*TASK TO CARRY OUT*
Exactly the lines from the one containing "DIGITUS USB - Type" through the end of the listing below are required, restated word for word and without pictures.

*SUPPLIED DATA*
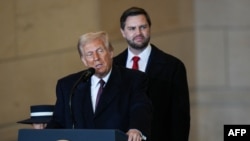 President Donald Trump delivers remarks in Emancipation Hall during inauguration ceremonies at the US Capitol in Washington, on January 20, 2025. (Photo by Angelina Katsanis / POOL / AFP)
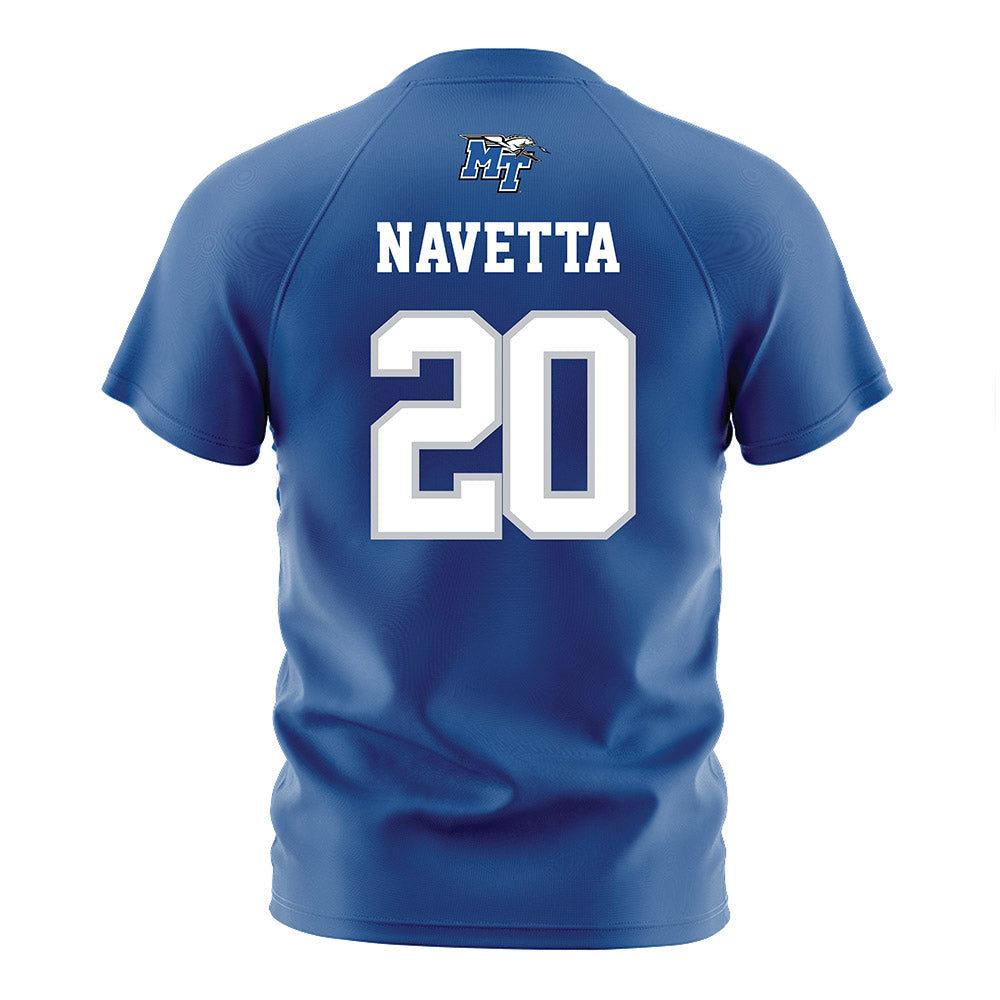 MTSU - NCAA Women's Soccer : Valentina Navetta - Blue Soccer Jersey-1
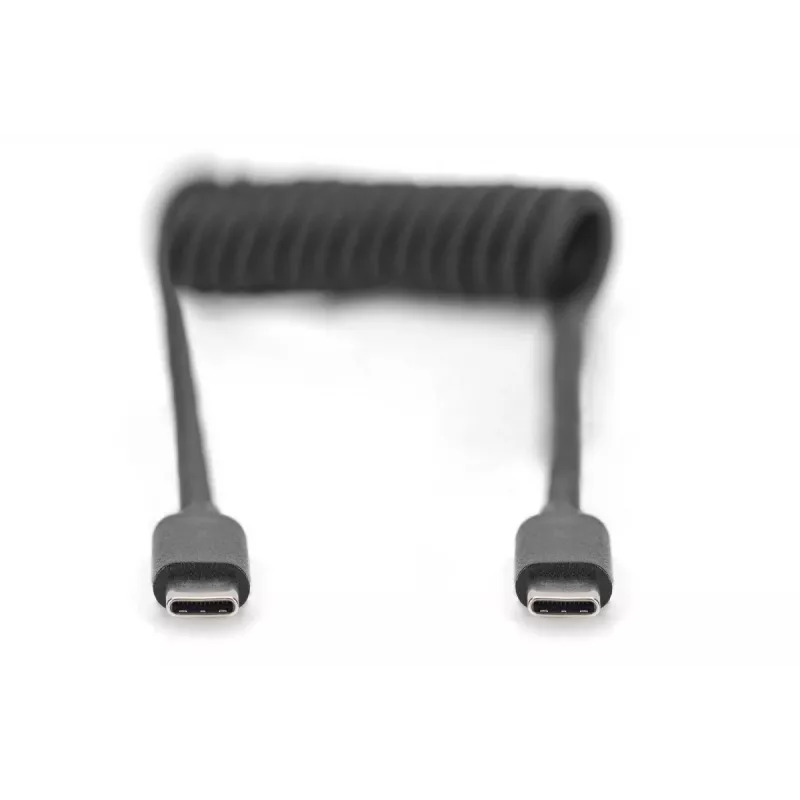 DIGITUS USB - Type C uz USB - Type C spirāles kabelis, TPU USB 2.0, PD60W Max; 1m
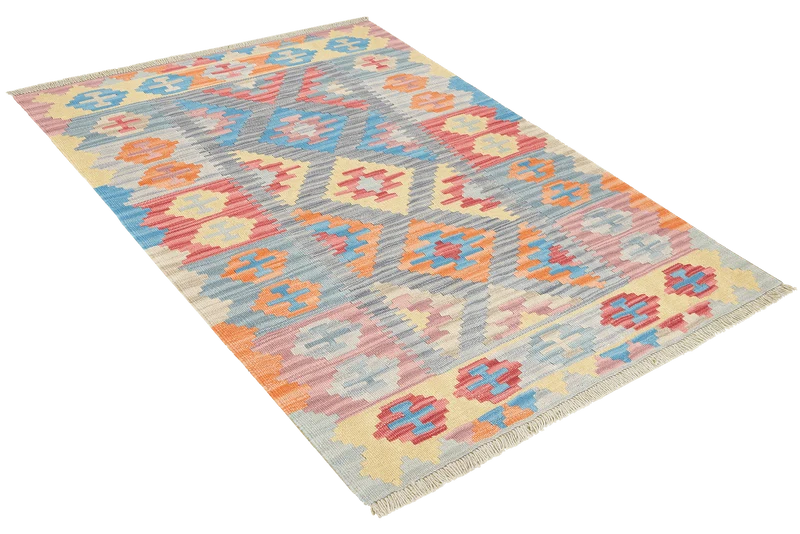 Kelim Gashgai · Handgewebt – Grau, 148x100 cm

*ANSWER AREA*
 DIGITUS USB - Type C uz USB - Type C spirāles kabelis, TPU USB 2.0, PD60W Max; 1m
 Kelim Gashgai · Handgewebt – Grau, 148x100 cm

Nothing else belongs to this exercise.